Published last month, the latest Eurobarometer report, charting public opinion in the European Union, shows acceptance of LGBTI people is clearly on the rise across all EU countries. The claim of some governments that they represent the will of the majority of their people when discriminating against LGBTI people, does not hold against the findings.

The report also clearly shows that acceptance is significantly higher amongst people who know someone from the LGBTI community personally, counteracting the characterisation of LGBTI people as an abstract threat by some leaders. Being friends with LGBTI people has a large impact on responses to the survey questions.

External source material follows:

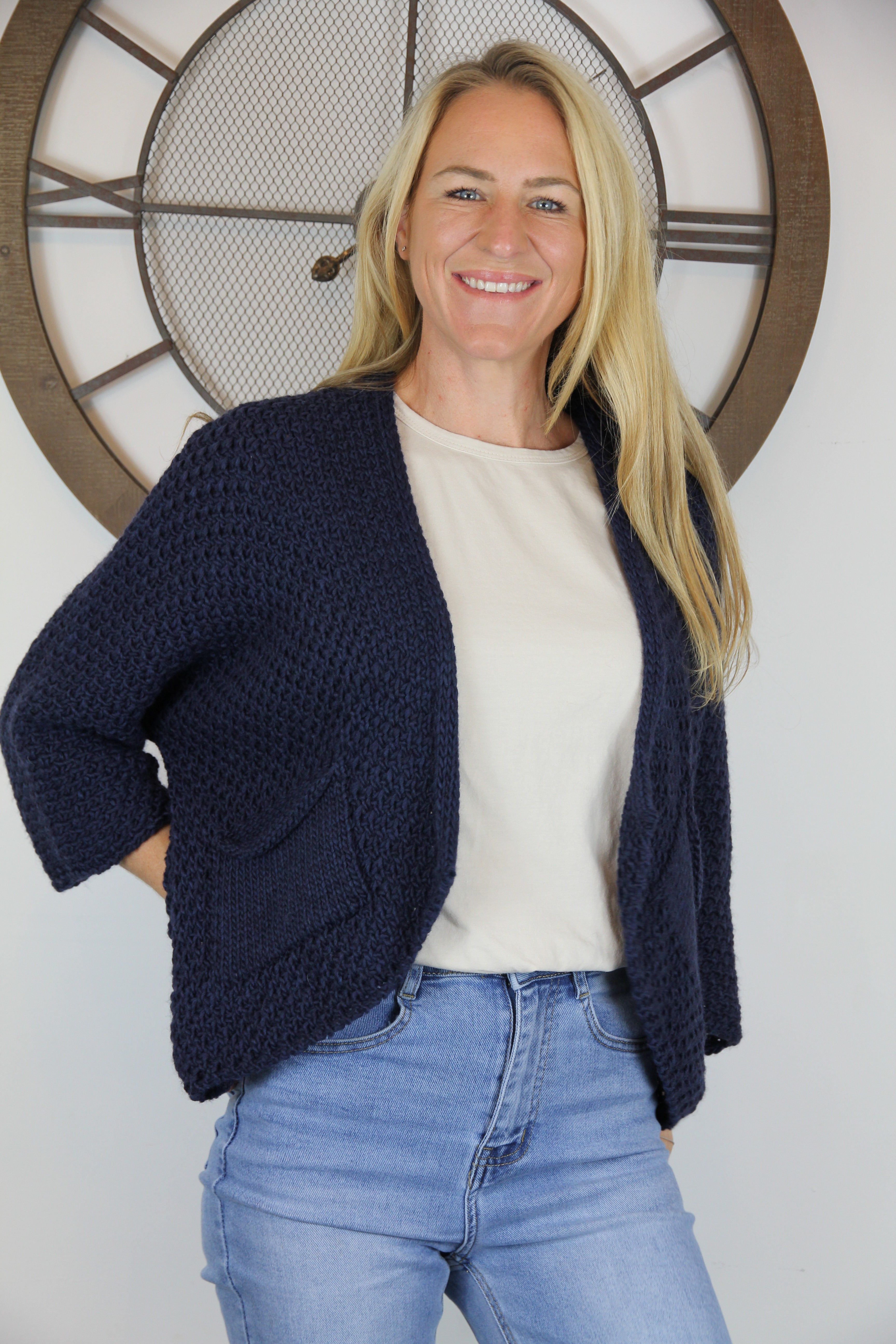 Knitted shrug cardigan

The results, however, reflect clearly that ongoing attacks on LGBTI rights have had an impact. The report has found that more than half of the general public say there is widespread discrimination in their country on the basis of gender identity (being transgender, 57%) or sexual orientation (54%). Discrimination against intersex people is in the high numbers too, at 47%. Published last month, the report finds that the highest levels of perceived discrimination are on the basis of being Roma (65%), of skin colour (61%,), and of ethnic origin (60%). 

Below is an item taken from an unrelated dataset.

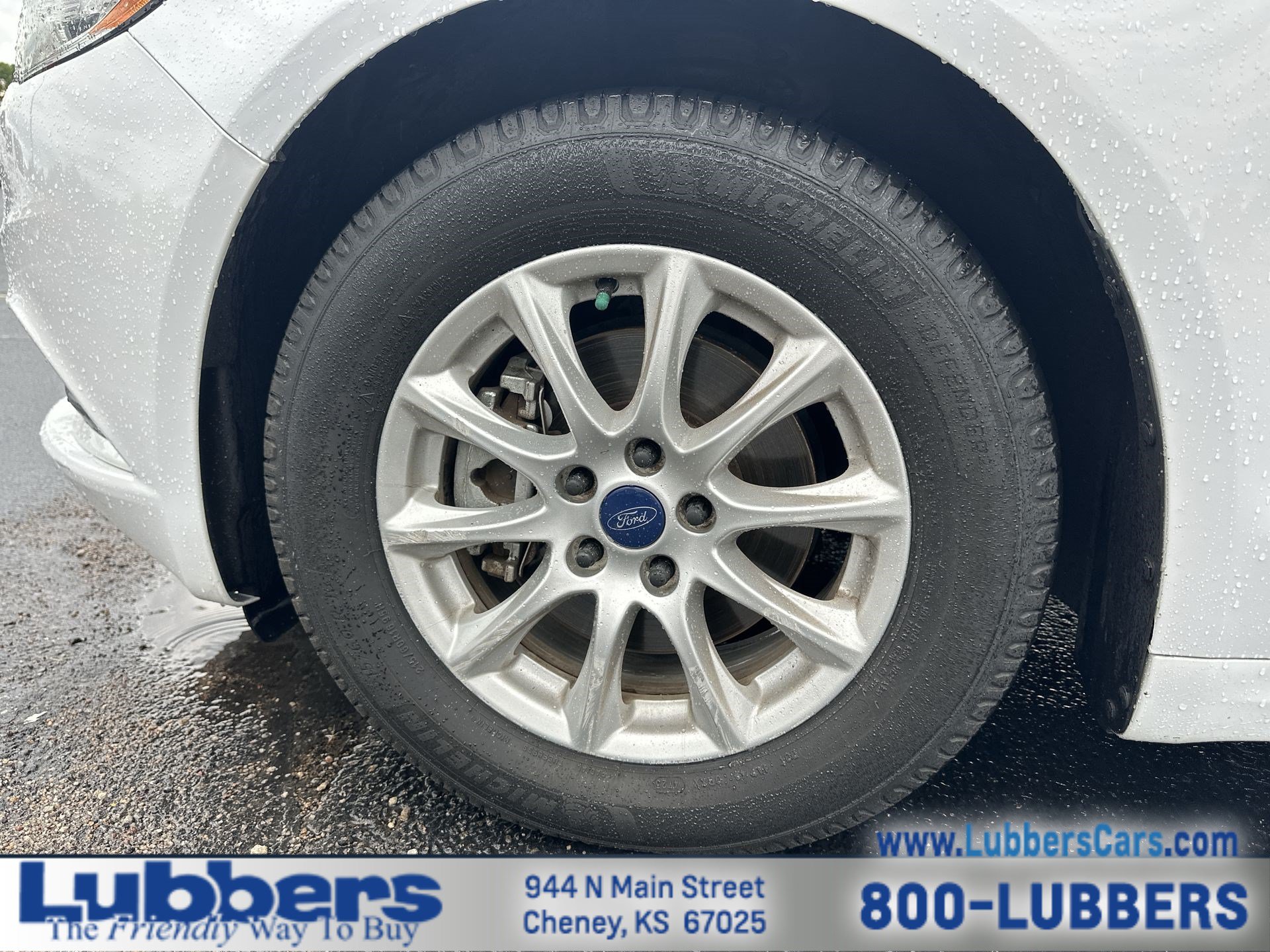 Used 2017 Ford Fusion S FWD image 2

The Eurobarometer survey is carried out every four years, with the last report published in 2019. Public perception of discrimination against trans people has grown by nine percentage points (pp’s) since then, while against intersex people, it is up by eight pp’s. Sexual orientation is up just one pp, however the fact remains that over half of respondents think discrimination on the basis of sexual orientation is widespread.

However, at the same time, a rising number of 69% of EU citizens say that lesbian, gay and bisexual people should have the same rights as heterosexual people, and 64% say that trans people should have the same rights as everyone else. 

When it comes to legal gender recognition, 62% believe that trans people should be able to change their civil documents to match their gender identity. Further, 47% believe that official documents should offer a third option (X or O) for those who do not identify as female or male. Notably, for both of these questions, the percent of respondents agreeing increased (3 pp’s and 1 pp, respectively), but the number disagreeing also increased (2 pp’s and 4 pp’s, respectively). This may indicate that there is increased awareness of the issue in the EU, as in both cases, the number of respondents saying that they did not know decreased by 5 pp’s.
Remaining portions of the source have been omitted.